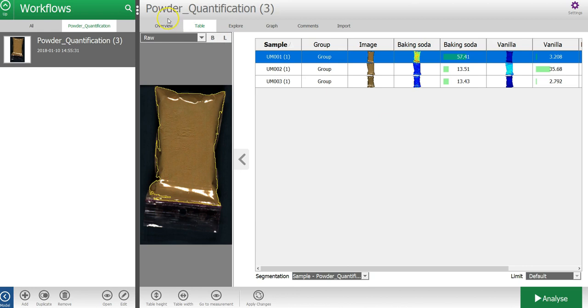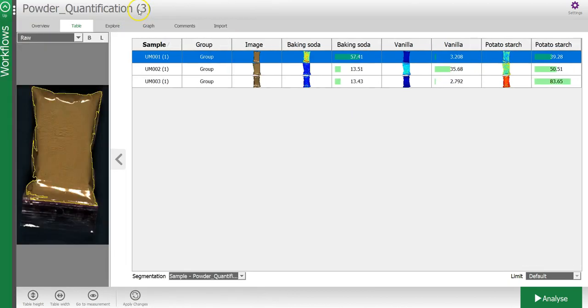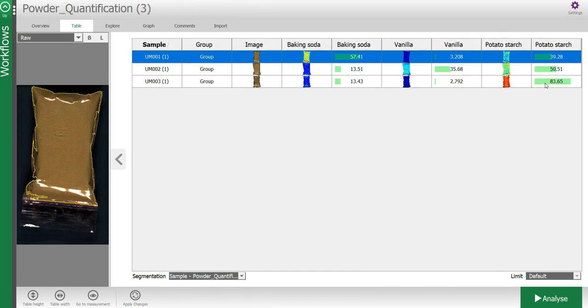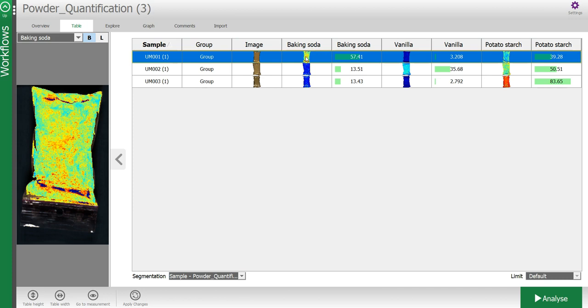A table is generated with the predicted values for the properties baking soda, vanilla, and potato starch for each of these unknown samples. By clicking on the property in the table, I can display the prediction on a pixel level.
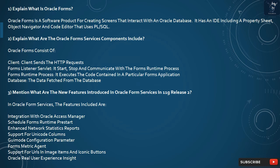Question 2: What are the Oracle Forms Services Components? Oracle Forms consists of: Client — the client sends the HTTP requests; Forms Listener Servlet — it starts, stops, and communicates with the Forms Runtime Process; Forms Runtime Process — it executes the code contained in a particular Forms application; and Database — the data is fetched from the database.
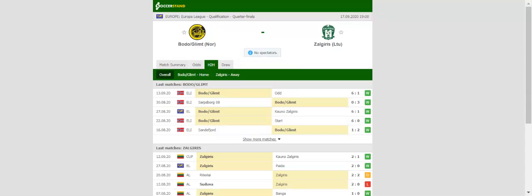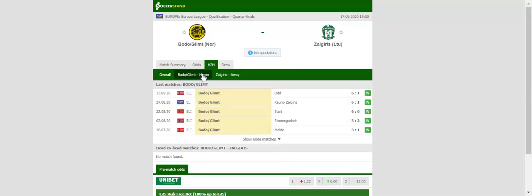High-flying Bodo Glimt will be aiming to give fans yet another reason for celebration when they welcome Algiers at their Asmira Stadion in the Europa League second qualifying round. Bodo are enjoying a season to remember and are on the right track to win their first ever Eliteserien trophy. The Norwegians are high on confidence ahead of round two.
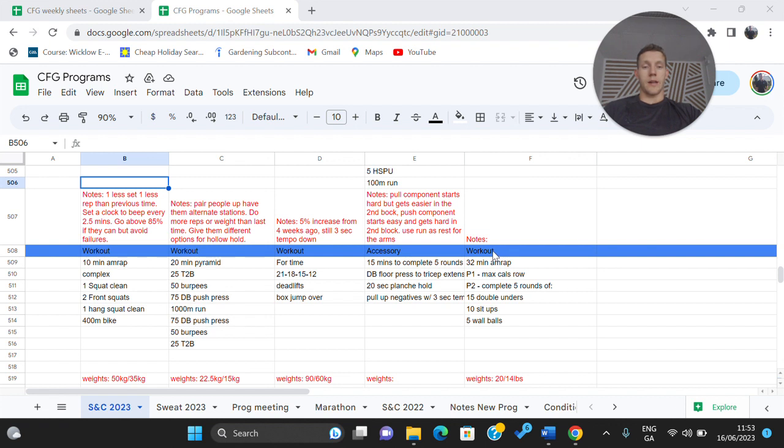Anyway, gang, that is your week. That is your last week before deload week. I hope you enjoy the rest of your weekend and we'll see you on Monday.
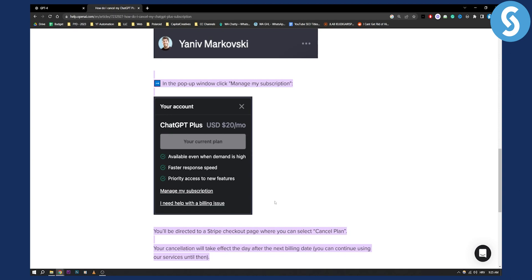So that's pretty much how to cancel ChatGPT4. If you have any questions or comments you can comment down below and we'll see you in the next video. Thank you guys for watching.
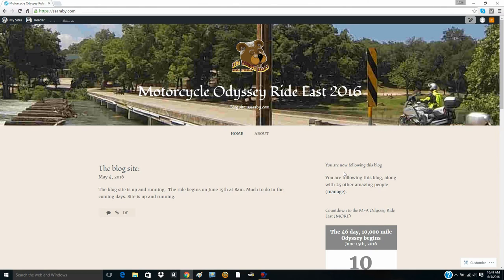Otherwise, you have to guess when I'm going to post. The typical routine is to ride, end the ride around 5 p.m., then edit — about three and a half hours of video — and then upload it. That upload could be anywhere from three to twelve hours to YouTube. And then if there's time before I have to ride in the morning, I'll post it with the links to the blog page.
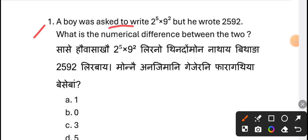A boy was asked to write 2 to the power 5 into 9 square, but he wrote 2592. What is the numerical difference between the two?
########################################
-- The task --
Print the lines from the line containing "Otherwise, you have" through the last line of the listing, exactly as they stand, and leave any pictures out.

-- Finished task --
Otherwise, you have to guess when I'm going to post. The typical routine is to ride, end the ride around 5 p.m., then edit — about three and a half hours of video — and then upload it. That upload could be anywhere from three to twelve hours to YouTube. And then if there's time before I have to ride in the morning, I'll post it with the links to the blog page.
A boy was asked to write 2 to the power 5 into 9 square, but he wrote 2592. What is the numerical difference between the two?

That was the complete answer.